First, we might want to be sure we can export all of the data from one system and import it into another, either because we wish to use different software or because the software we’re using has reached the end of its life. Secondly, I might wish to store my data in a repository from one vendor, but be sure that software tools from any other vendor can interrogate the data without custom programming. Third, we might want to interchange a subset of data between two parties, perhaps delivering fluid analyses from the lab to the operator, or daily production reports from the operator to the partners.
The first two of these represent a significant undertaking, as they potentially imply a standard that covers a large information space, with many data elements. Even more importantly, they would require that we share an understanding of the semantics of our model, as even common terms such as well can have subtly different meanings for different disciplines in the industry. It is also possible that vendors have their own internally defined information elements and these must be either supported or discarded. Over the years I have developed the view that most vendors are not entirely keen on these two scenarios, and would much prefer it if the standards could be developed such as to focus on the narrower goal of improving the way that an individual vendor’s software packages work together. The idea of opening the door to a competitor’s products is an uncomfortable one unless, of course, the experience can be guaranteed to be less than ideal. I am fairly comfortable with the assertion that this is one of the reasons for the failure of efforts like POSC, though I admit that I have little more than anecdotal evidence and observation to support this view.

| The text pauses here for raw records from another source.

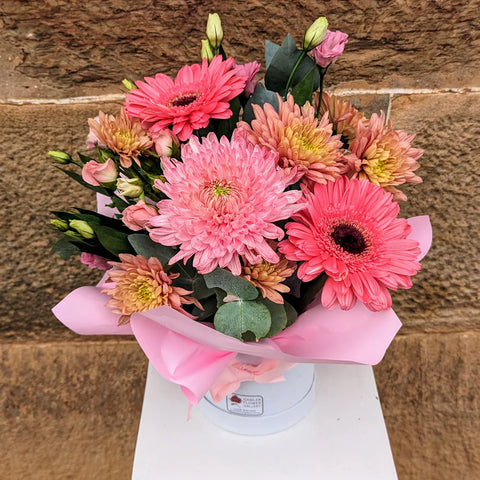 Floristry for Beginners - Flower Arrangement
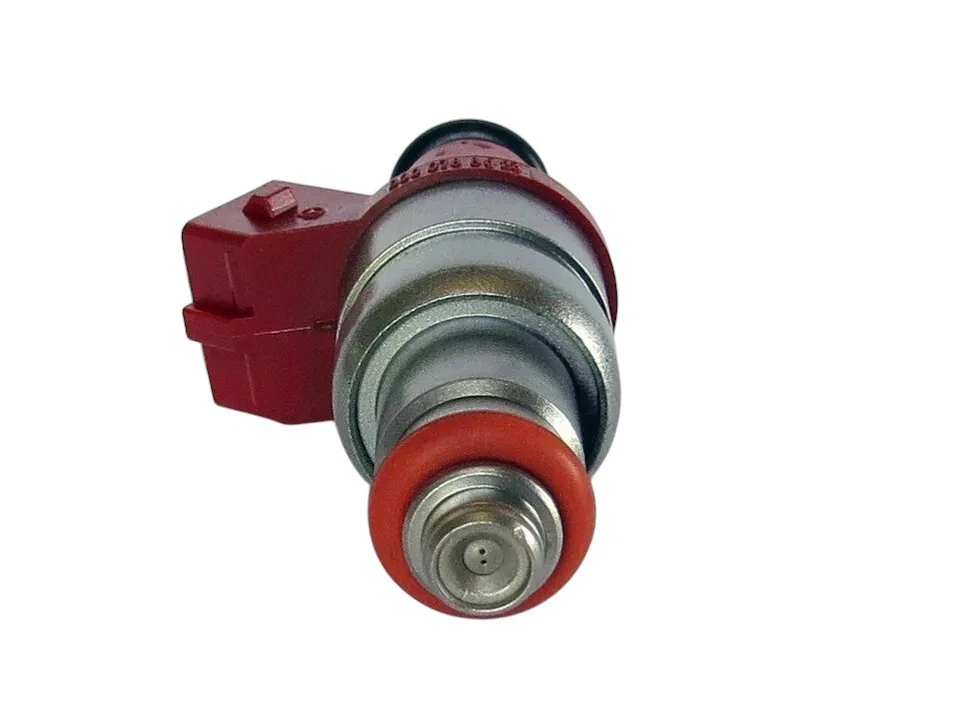 Inyector de combustible OEM 6X para Mercedes C220 E320 C280 1994-1998 2,8 L 3,2 L #000788523 Foto 3 de 3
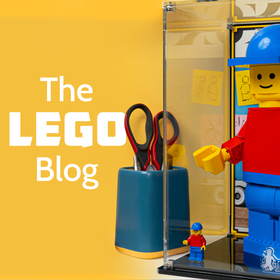 Explore the LEGO® Blog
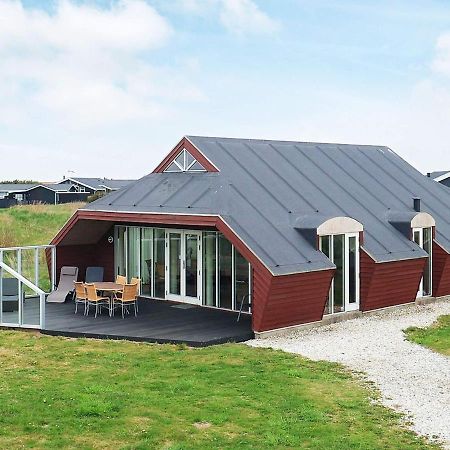 8 Person Holiday Home In L Kken Løkken Exterior foto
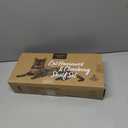 Cat Wall Shelves - Four Step Cat Shelf with Scratch Board, Mounted Cat Shelves, Sturdy Cat Wall Furniture for Indoor Cats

The third scenario has a more reasonable scale, and feels as though the development of a standard might be accomplished in a way that adheres to the principles advanced by Hanseth and Lyytinen. With that in mind, I will try to outline the activities that I believe are important for success.
First, we need to identify the exact scenario that is to be addressed. It cannot be an academic exercise, as the first principle is to design for usefulness. We should identify users currently experiencing a real problem, and establish how to fix it. Real and detailed use cases should follow.
Secondly, we should look at the ways people have addressed the problem in other companies, and also look for parallels in other industries. Perhaps a solution or a standard already exists. There might also be standards that seem at first sight to be unsuitable or only a partial fit, but if they are already in use and tooling is available then it might be preferable to repurpose them rather than create something from scratch.
Third, it is necessary to have reference implementations, to demonstrate that the standard is viable. Ideally, this will be used to solve the problem identified in the first step.
Fourth, a minimum of two software vendors must commit to a production-ready implementation within twelve months of the standard being approved. While it might be possible to accept non-vendors, the reality is that sustaining any implementation demands wide distribution of the kind that is only possible for software companies.
Fifth, in the event that production-ready implementations do not appear in the defined period, the standard will be open for deprecation. There is little value in having a standard that no-one implements.
In the above list I have not developed anything radical or revolutionary, but have simply listed activities that appear to have produced results in other industries and standards bodies.
To make one final point, XML does not a standard make. The world needs new XML schema like a hole in the head, and developing new schema should be a last resort. Constructing a data format is not the same as constructing a data model, and it certainly doesn’t define the semantics.